Molti critici hanno sottolineato come a legare la narrazione sarebbero le continue metamorfosi in atto, il trasformarsi di una cosa in un’altra che lascia intravedere una concezione del mondo, lucreziana poi ripresa nel Rinascimento, come materia e spirito in continua trasformazione per movimento atomico. Morte e vita sono dunque punti di un cerchio in perenne movimento. D’altronde, l’episodio iniziale dell’uccisione del dragone da parte del re per asportargli il cuore, che una volta cotto dalle mani di una vergine farà rimanere incinta la regina all’istante di un feto già maturo e pronto per essere partorito, è la prima di numerose trasformazioni che avvengono per ‘fatagione’ o per magico legame con gli elementi, come la mutazione di una radice d’albero in sorgente che terrà legati i destini di Elias, figlio della regina e Jonah figlio della serva che ha cotto il cuore, uniti dall’aspetto che li rende somiglianti come gemelli e da un’amicizia che travalica le differenze sociali.

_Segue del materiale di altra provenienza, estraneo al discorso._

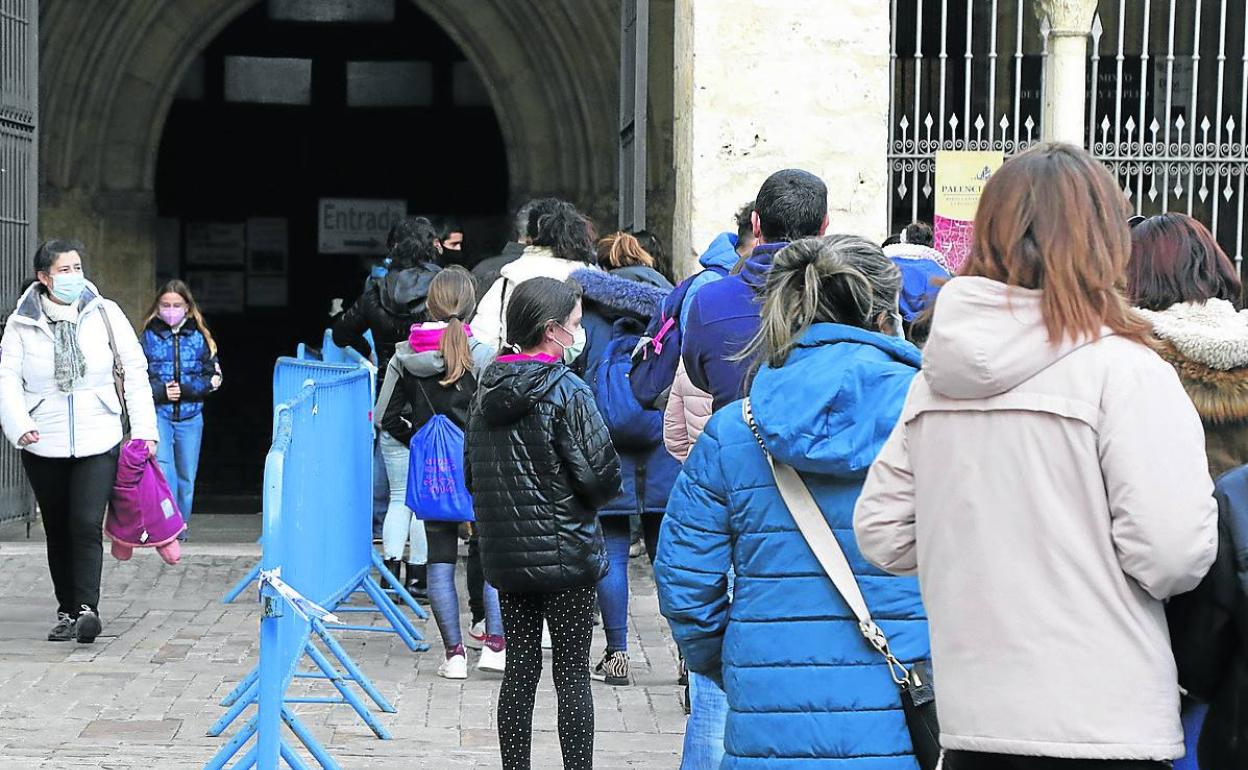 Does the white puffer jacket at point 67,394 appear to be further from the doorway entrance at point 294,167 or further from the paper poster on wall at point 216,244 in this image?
the paper poster on wall at point 216,244

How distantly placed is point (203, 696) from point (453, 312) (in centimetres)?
177

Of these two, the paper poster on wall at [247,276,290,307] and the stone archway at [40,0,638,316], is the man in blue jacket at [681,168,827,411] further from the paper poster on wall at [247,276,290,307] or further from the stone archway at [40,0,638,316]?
the paper poster on wall at [247,276,290,307]

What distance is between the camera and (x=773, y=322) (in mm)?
3613

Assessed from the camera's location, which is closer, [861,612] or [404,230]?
[861,612]

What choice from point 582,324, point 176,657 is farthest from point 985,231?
point 176,657

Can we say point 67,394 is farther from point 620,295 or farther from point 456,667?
point 620,295

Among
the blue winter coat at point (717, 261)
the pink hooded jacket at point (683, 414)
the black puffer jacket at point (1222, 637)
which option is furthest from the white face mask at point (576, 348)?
the black puffer jacket at point (1222, 637)

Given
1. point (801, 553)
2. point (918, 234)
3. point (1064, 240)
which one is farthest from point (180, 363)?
point (1064, 240)

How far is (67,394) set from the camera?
761 centimetres

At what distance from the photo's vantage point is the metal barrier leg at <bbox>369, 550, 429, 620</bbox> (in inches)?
313

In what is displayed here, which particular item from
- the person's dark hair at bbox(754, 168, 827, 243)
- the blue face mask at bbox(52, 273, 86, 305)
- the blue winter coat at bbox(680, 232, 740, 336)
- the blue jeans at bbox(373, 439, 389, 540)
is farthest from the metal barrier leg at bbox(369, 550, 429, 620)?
the person's dark hair at bbox(754, 168, 827, 243)

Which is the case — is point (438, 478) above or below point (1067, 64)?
below

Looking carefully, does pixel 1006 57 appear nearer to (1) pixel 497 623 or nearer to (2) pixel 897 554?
(1) pixel 497 623

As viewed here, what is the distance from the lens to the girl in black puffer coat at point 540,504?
5176 mm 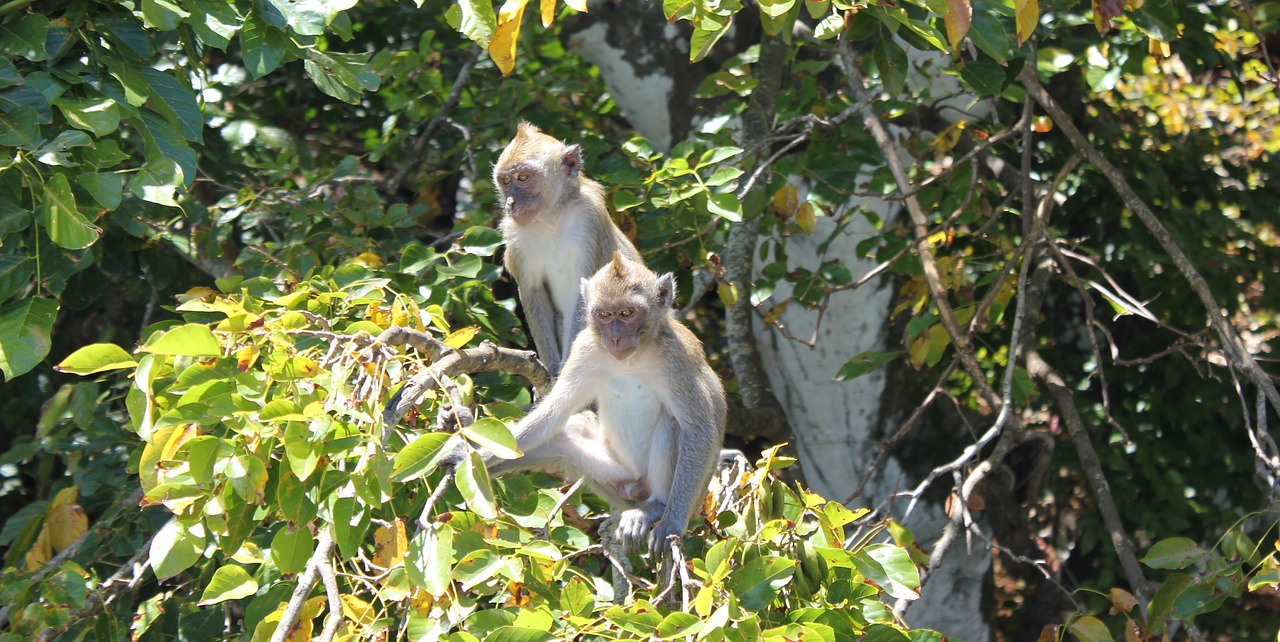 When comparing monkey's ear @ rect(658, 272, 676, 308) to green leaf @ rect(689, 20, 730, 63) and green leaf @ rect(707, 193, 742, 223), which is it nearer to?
green leaf @ rect(707, 193, 742, 223)

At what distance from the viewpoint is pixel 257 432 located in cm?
250

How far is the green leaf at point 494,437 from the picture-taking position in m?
2.47

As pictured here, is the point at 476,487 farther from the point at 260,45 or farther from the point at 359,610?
the point at 260,45

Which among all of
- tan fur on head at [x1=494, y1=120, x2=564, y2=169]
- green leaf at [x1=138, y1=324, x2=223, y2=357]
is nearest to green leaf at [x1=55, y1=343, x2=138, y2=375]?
green leaf at [x1=138, y1=324, x2=223, y2=357]

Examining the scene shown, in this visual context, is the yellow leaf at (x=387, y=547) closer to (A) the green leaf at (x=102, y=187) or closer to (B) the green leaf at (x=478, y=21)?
(A) the green leaf at (x=102, y=187)

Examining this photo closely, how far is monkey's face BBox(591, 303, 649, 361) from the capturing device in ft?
13.5

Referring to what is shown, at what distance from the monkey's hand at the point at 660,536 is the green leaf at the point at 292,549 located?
49.1 inches

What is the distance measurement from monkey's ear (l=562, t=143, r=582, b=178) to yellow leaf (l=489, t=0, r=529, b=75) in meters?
1.98

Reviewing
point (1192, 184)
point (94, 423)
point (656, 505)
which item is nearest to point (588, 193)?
point (656, 505)

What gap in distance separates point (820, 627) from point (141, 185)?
2111 millimetres

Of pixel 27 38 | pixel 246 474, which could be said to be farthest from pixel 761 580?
A: pixel 27 38

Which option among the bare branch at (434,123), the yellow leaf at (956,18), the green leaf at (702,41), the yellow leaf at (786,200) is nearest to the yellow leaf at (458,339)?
the green leaf at (702,41)

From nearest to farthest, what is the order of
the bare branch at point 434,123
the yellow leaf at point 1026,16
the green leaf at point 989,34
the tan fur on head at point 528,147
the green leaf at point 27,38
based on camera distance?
the green leaf at point 27,38 → the yellow leaf at point 1026,16 → the green leaf at point 989,34 → the tan fur on head at point 528,147 → the bare branch at point 434,123

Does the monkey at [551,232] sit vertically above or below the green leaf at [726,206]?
below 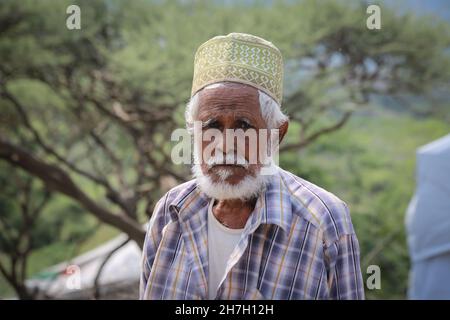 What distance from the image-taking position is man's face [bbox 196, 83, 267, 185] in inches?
69.5

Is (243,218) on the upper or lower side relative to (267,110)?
lower

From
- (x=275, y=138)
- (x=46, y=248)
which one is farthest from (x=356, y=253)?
(x=46, y=248)

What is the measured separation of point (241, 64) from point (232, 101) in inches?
5.2

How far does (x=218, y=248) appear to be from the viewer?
1.78m

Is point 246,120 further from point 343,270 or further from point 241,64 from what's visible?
point 343,270

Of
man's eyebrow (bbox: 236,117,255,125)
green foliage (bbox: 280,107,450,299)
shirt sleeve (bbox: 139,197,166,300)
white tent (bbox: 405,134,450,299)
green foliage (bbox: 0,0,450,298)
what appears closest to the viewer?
man's eyebrow (bbox: 236,117,255,125)

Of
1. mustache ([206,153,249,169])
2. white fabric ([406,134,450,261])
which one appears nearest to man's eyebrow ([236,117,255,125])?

Il cambiamento è senz’altro il dispositivo che consente di rendere continua la materia visiva, sontuosa e sorprendente nelle sue possibilità metamorfiche, duttile a oscillazioni notevoli fra un registro epico e lirico e uno comico, costeggiando comunque sempre la parodia, si pensi ad esempio all’episodio del concerto che Viola esegue per il padre distratto, e incurante dell’affetto della figlia, occupato com’è a gingillarsi con la pulce che poi nutrirà del proprio sangue e terrà nella propria stanza, insolito animale domestico vezzeggiatissimo e segreto, cui farà raggiungere dimensioni spropositate e che finirà per stramazzare a causa di una crisi respiratoria. La morte della pulce, tenuta in gran riservatezza dal re, è uno dei momenti più divertenti del film ma è anche il preludio alla tragedia di Viola. Il padre decide infatti di darla in sposa a chi indovini a quale animale appartiene la pelle scuoiata della pulce. Ad aggiudicarsi questa singolare tenzone sarà un orribile orco, cui il re, cuore di pietra, consegnerà l’inerme e atterrita figlia Viola.

Tuttavia se fossero solo questi pur notevoli intrecci materici e sensoriali – scuoiamenti, cuori di pietra e cuori che magicamente danno la vita, acque fatate e boschi incantati – ci troveremmo di fronte a un mero repertorio di tòpoi fiabeschi allestiti con grande scaltrezza visiva e con sapienza debitrice a una solida cultura pittorica; un esempio: l’inquadratura che riprende il re morto dopo avere affrontato e ucciso il dragone ricorda in maniera inequivocabile il taglio del Cristo morto di Mantegna (Milano, Pinacoteca di Brera) e con questo illustre precedente gareggia in pathos.

Viceversa è rintracciabile un’unità tematica più profonda nel film di Garrone, poiché i cambiamenti non avvengono senza una logica e questa è: la crescita, in particolare l’attraversamento pauroso dell’adolescenza che, secondo gli studiosi dell’età evolutiva, coincide con l’uccisione (simbolica) dei propri genitori.

Ciò avviene in tutti e tre i racconti: Elias uccide la propria possessiva madre-regina, trasformata in uno spaventoso ragno che insidia la vita di Jonah, Viola ammazza l’orco, e con lui simbolicamente il padre di cui ottiene il regno, Dora e Imma, le due vecchiette vergini, le donne mai cresciute, uccidono in maniera diversa se stesse per arrivare all’età adulta. Il fatto che ci siano nel film due coppie di fratelli-sorelle è un’ulteriore conferma di questo tipo di lettura: la figura del doppio rientra a pieno titolo nella costellazione dell’adolescenza.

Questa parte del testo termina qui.